START Records supplied

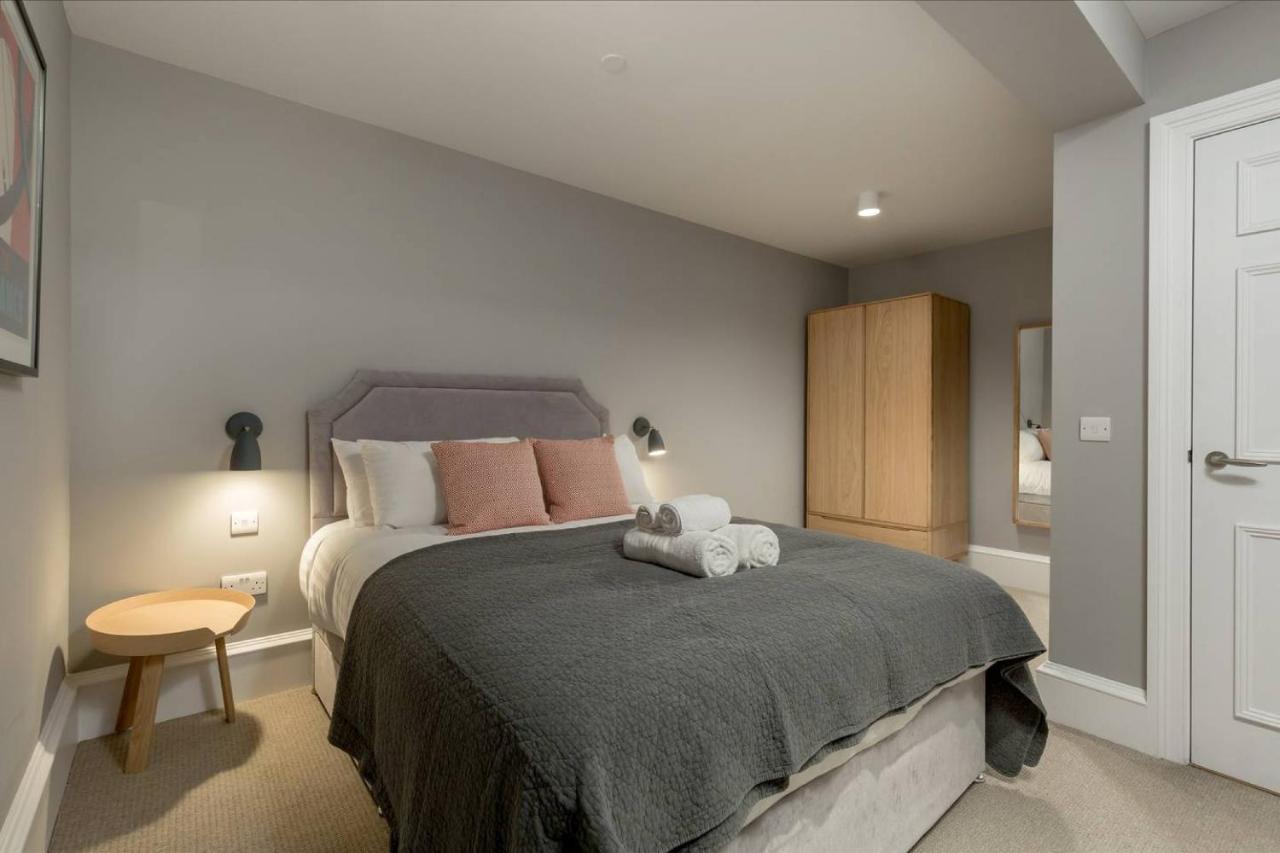 Joivy Luxurious 2Br Home Near Haymarket Station Edimburgo Exterior foto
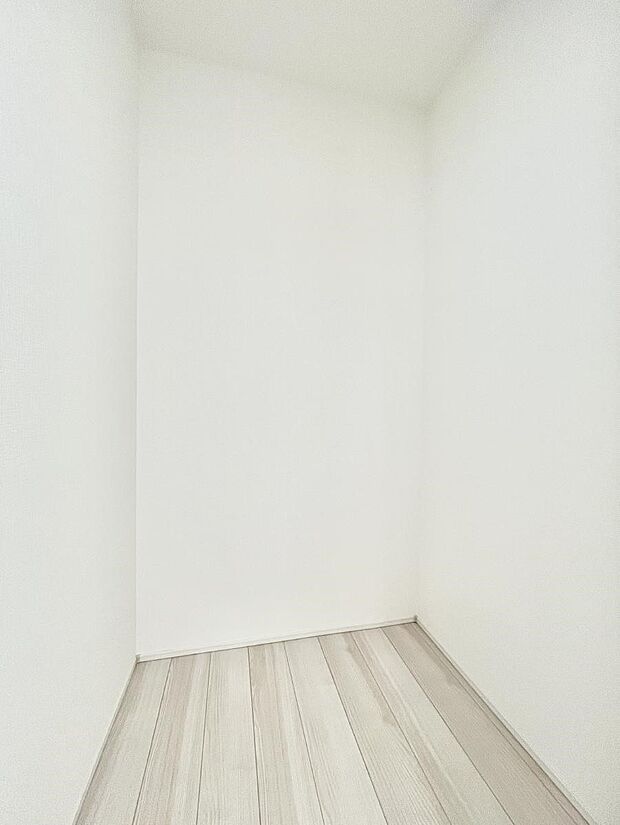 【収納】キッチンにはパントリー！食材のストックはもちろん、日用品の収納など使い方はいろいろ！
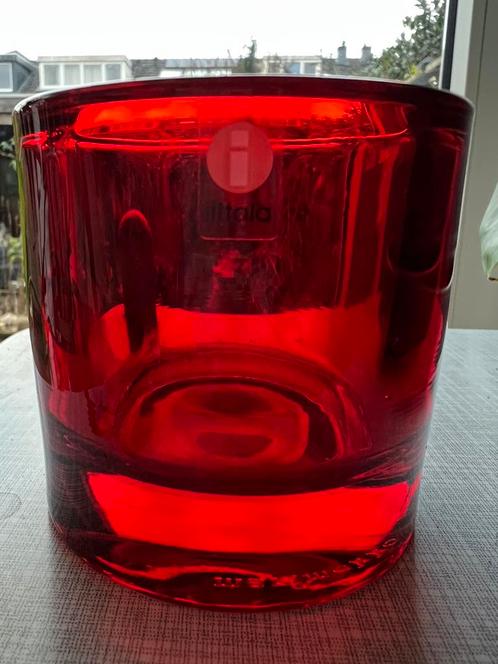 Iittala Kivi Glas Kandelaar Cranberry  Red 80 mm Nieuwstaat, Huis en Inrichting, Woonaccessoires | Kandelaars en Kaarsen, Zo goed als nieuw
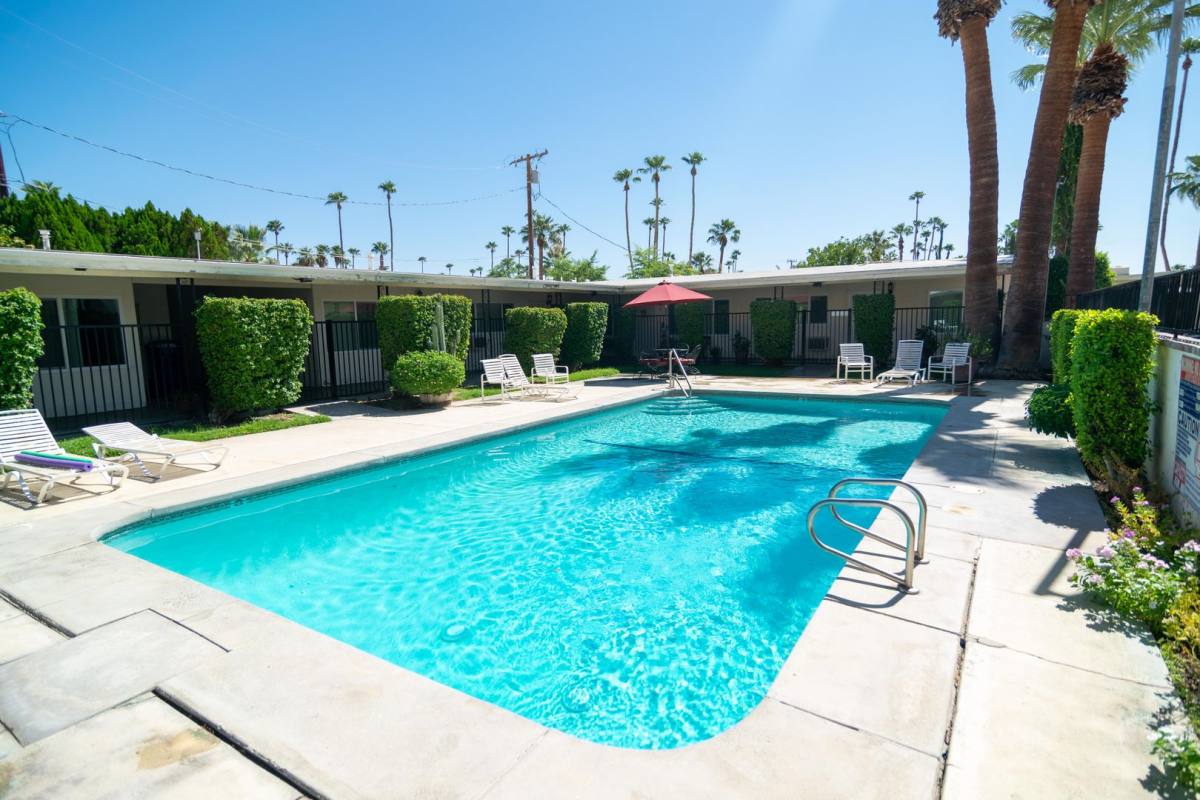 Apartment for rent at 474 Avenida Ortega, Palm Springs, CA 92264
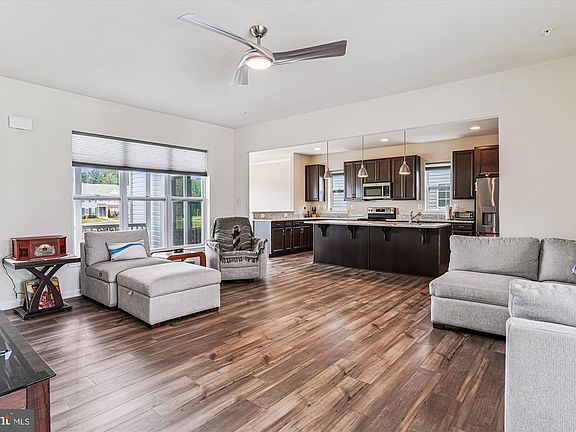 5th image of 23330 Lindsay Dr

END Records supplied

- _What the exercise asks_
In the records above, transcribe exactly the lines from the one containing "Iittala Kivi Glas" through the last line, both included, and skip the pictures.

- _Solution below_
 Iittala Kivi Glas Kandelaar Cranberry  Red 80 mm Nieuwstaat, Huis en Inrichting, Woonaccessoires | Kandelaars en Kaarsen, Zo goed als nieuw
 Apartment for rent at 474 Avenida Ortega, Palm Springs, CA 92264
 5th image of 23330 Lindsay Dr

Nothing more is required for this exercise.